Herkesin gözü Garipoğlu’nun üzerindeydi. Kilo aldığı gözlenen Garipoğlu ise son derece “silik”ti. Sesi zor duyuluyor, etrafını saran jandarmalardan yüzü zor görünüyordu. Hâkim tarafından sık sık daha yüksek sesle konuşması konusunda uyarıldı. Sorulara çoğunlukla “Hatırlamıyorum” diye yanıt verdi.

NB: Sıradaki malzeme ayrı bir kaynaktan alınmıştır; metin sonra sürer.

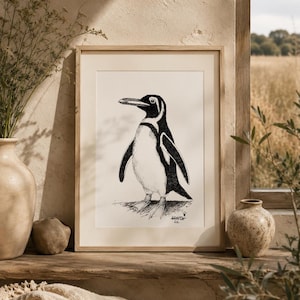 Pinguïn van Icaro
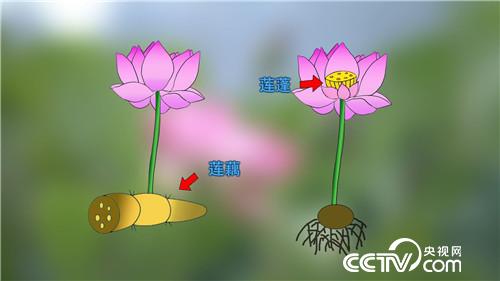 水塘里开出的&ldquo;金莲花&rdquo;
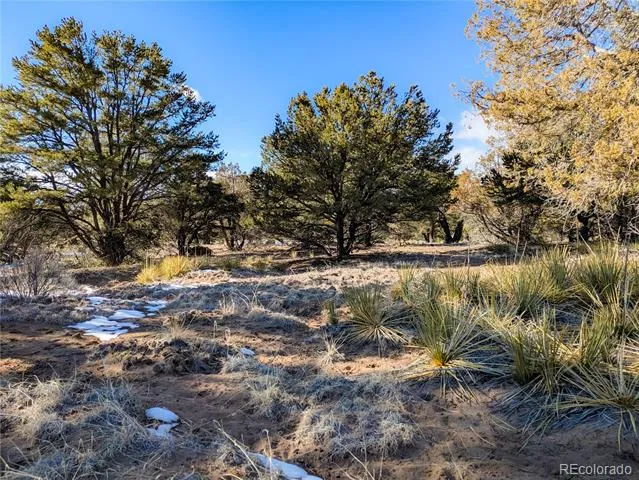 4229 Radiant Crestone, CO 81131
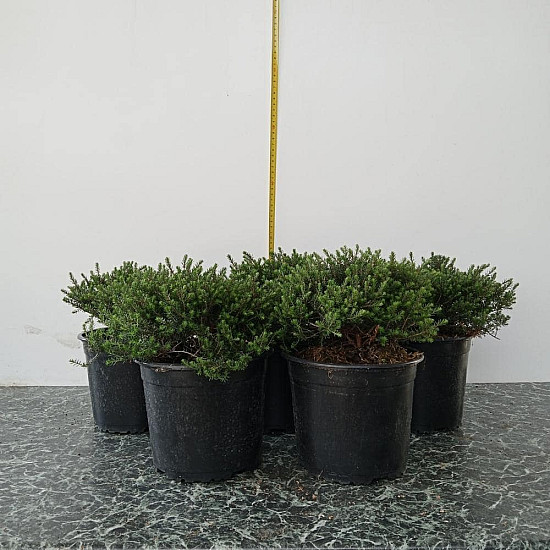 Ерика червена - Erica carnea Vivellii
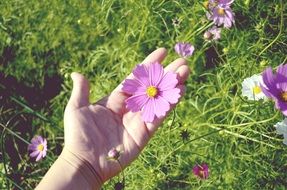 pink spring bud in hand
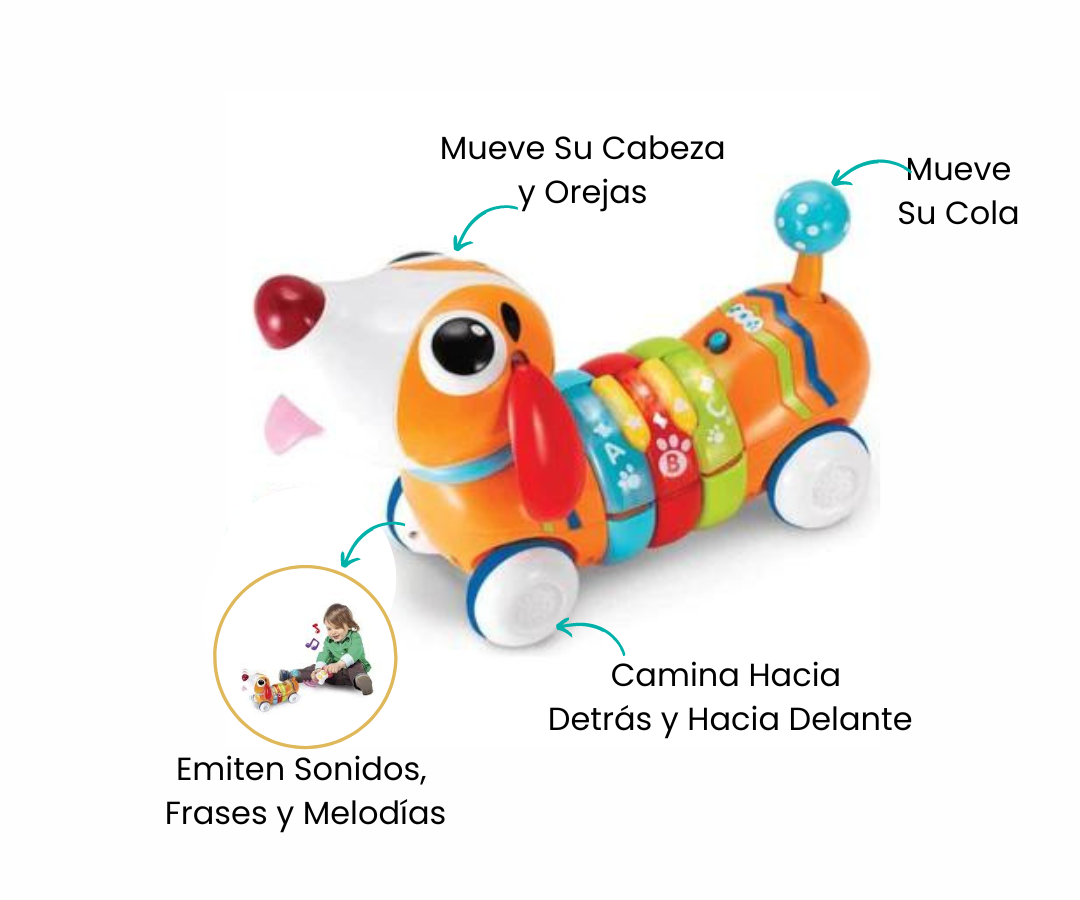 Características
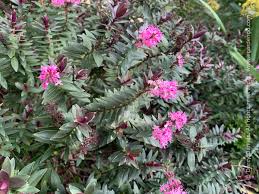 Image result for Hebe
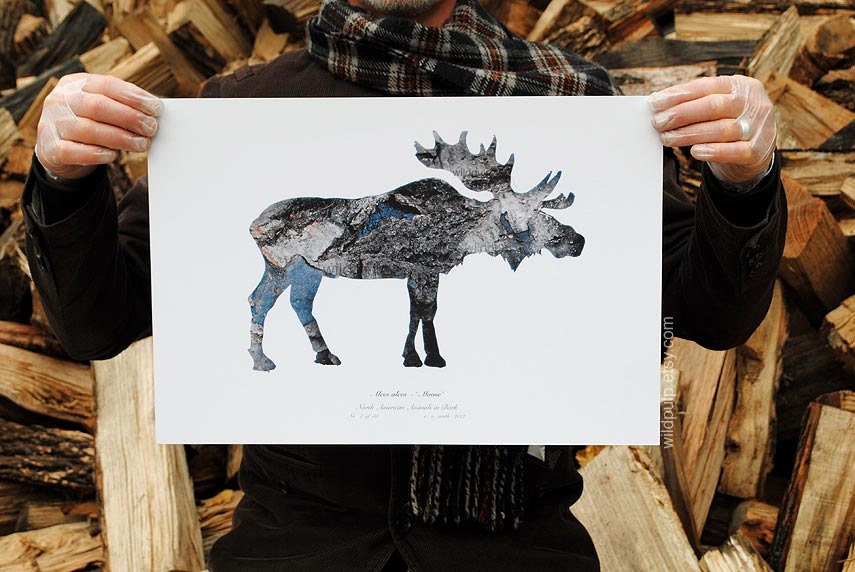 Moose Silhouette In Bark, Wall Art Decor : Woodland Animal Photography - Rustic Lodge & Home, Natural Boys Room, Nursery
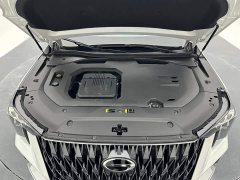 GAC Aion GS8 2022 Dual Engine 2.0T M Two-Wheel Drive Luxury Edition (7-Seater) - ფოტო 20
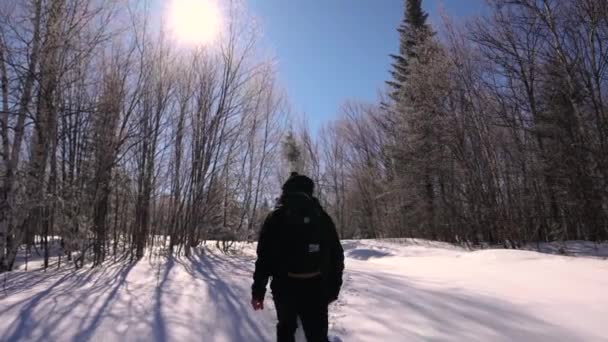 Hacedores de documentales caminando por nieve fresca — Vídeo de stock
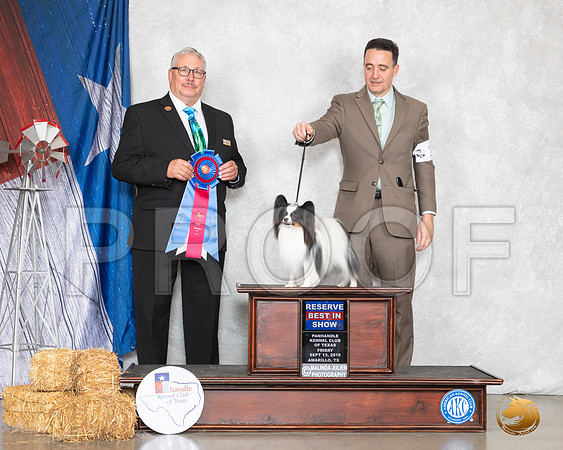 Papillon #14 Sat RBIS Judge John Booth__SR_8785_Amrilo2019-HR3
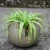 Import The best import ornamental artificial bonsai dwarf plants from China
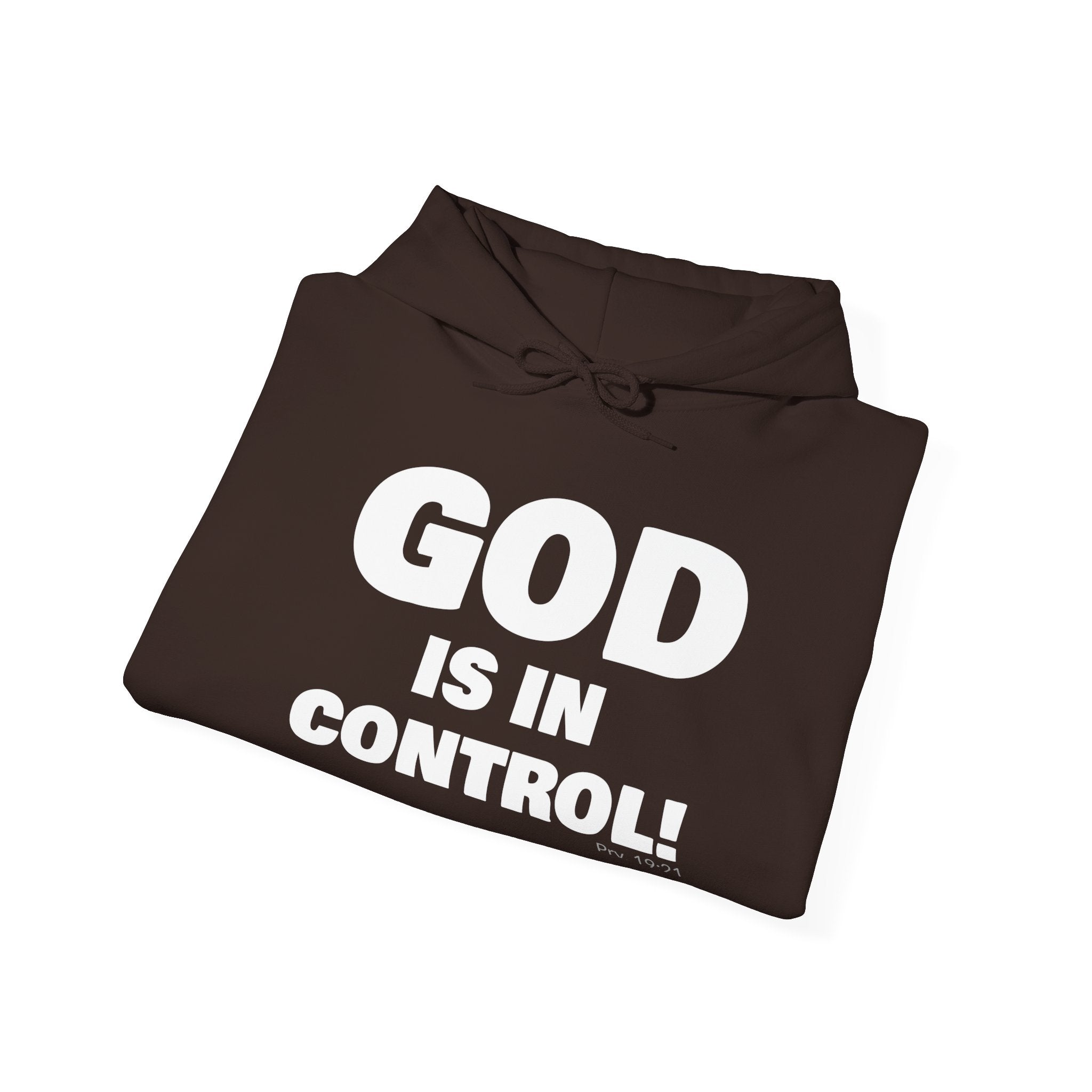 GOD IS IN CONTROL! | Hoodie | (Proverbs 19:21)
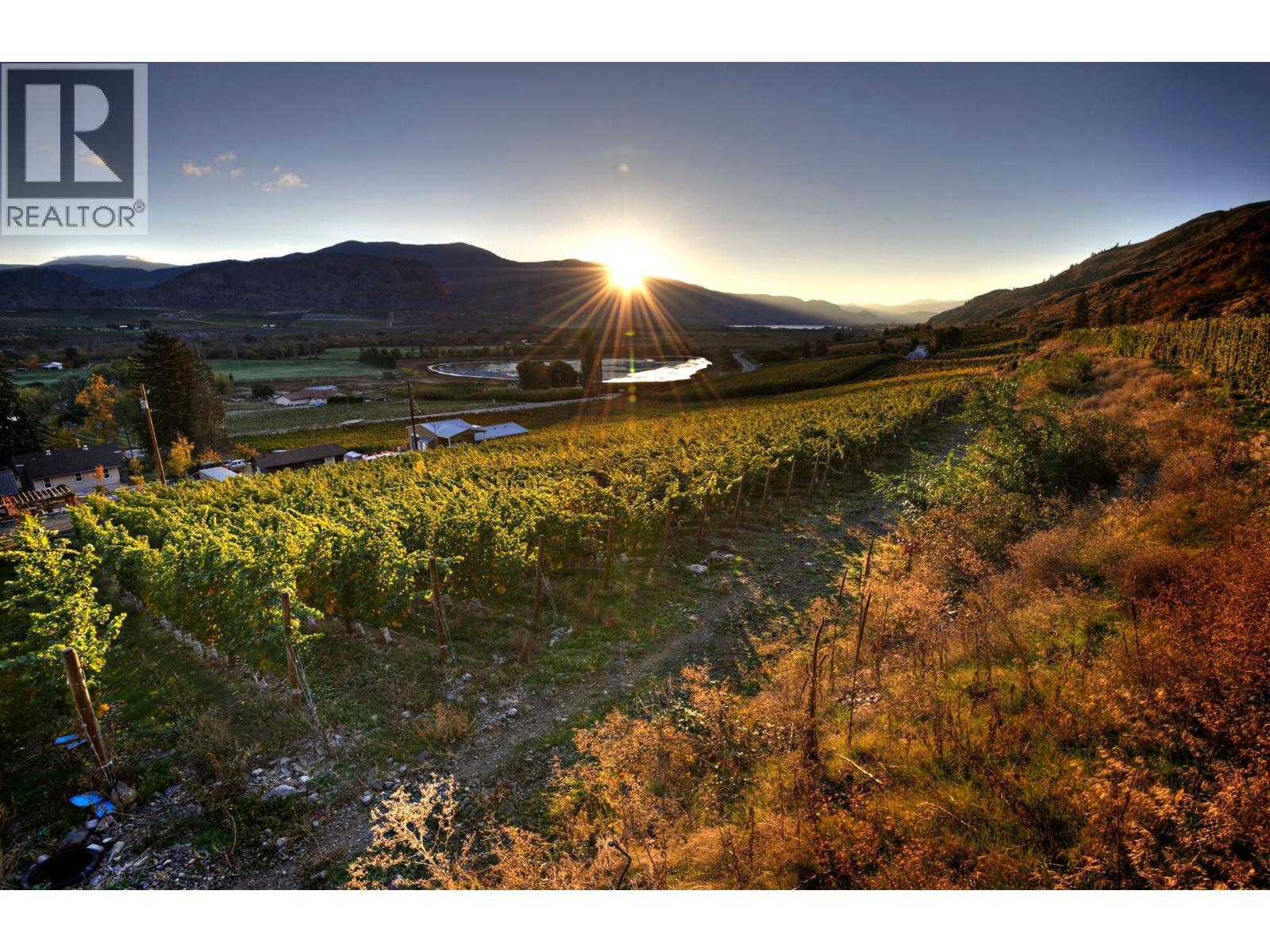 3974 Hwy 97 Highway, Oliver, British Columbia  V0H 1T1 - Photo 2 - 10374332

Duruşma boyunca kollarını müşteki masasına dayayıp başını avuçlarının arasına alan Nagihan Karabulut ise, gözlerini Garipoğlu’ndan ayırmadı. Kimlik tespitinin ardından Garipoğlu ifade vermeye başladı.Karabulutların avukatı Rezan Epözdemir, jandarmaların sanığın mimiklerini görmesine engel olduğunu söyledi. Ve hâkimin talimatıyla etrafı açılan Garipoğlu, salondaki yerini almış oldu.
KARDEŞ KARABULUT ŞIRNGAYLA CEM'E SALDIRDI
Enver Karabulut şırıngayla saldırdı Cem Garipoğlu, “Olaydan bir gün önce tartıştık. Münevver, erkekliğime laf ederek ‘Sen ne biçim erkeksin’ dedi” diye konuştu. Bu sözler üzerine Karabulut’un kardeşi İbrahim Enver Karabulut, yerinden fırladı, “Yalan söylüyorsun. Seni öldüreceğim, kafanı keseceğim” diye bağırmaya başladı. Bu sözler üzerine salon karıştı.
Enver Karabulut bir anda ortaya çıkardığı içi sıvı dolu plastik bir şırıngayı püskürterek Garipoğlu’nun üzerine attı. Sıvı Garipoğlu’ndan sekip jandarma, polis ve gazetecilerin üzerine geldi. Enver Karabulut’u polis etkisiz hale getirirken, jandarma Garipoğlu’nu dışarı çıkardı.
Enver Karabulut aynı adliyede nöbetçi savcının önüne getirildi. İfadesinde şırıngayı boynuna sarılı atkısına gizleyerek adliyeye soktuğunu söylediği öğrenilen Enver Karabulut, “sıvının niteliksiz” olması gerekçesiyle savcılıkça serbest bırakıldı. Şırınganın içinde önce nitrik asit (kezzap) olduğu öne sürüldü, baba Karabulut ise “idrar” olduğunu söyledi. Akşama doğru sıvının tuz ruhu yani bir temizlik maddesi olduğu ortaya çıktı.
Epözdemir’in 4 sorusuna “Hatırlamıyorum” diyen Garipoğlu, “amcası Hayyam Garipoğlu’nun aracıyla nereye gittiği”nin sorulması üzerineyse, “Amcamı en son olaydan 15 gün önce gördüm. Aracı hatırlamıyorum ama amcam yoktu” diye yanıt verdi. Avukat Kaya, Garipoğlu’nun akli ve ruhi dengesinden şüphe ettiğini belirterek, rapor alınması talebinde bulundu.
Mahkeme heyeti, dava dosyasının, Garipoğlu’nun anne ve babasının da aralarında bulunduğu 6 sanık hakkında 4. Ağır Ceza Mahkemesi’nde açılan dava dosyasıyla hukuki ve fiili bağlantısı bulunduğu gerekçesiyle birleştirilmesine karar verdi.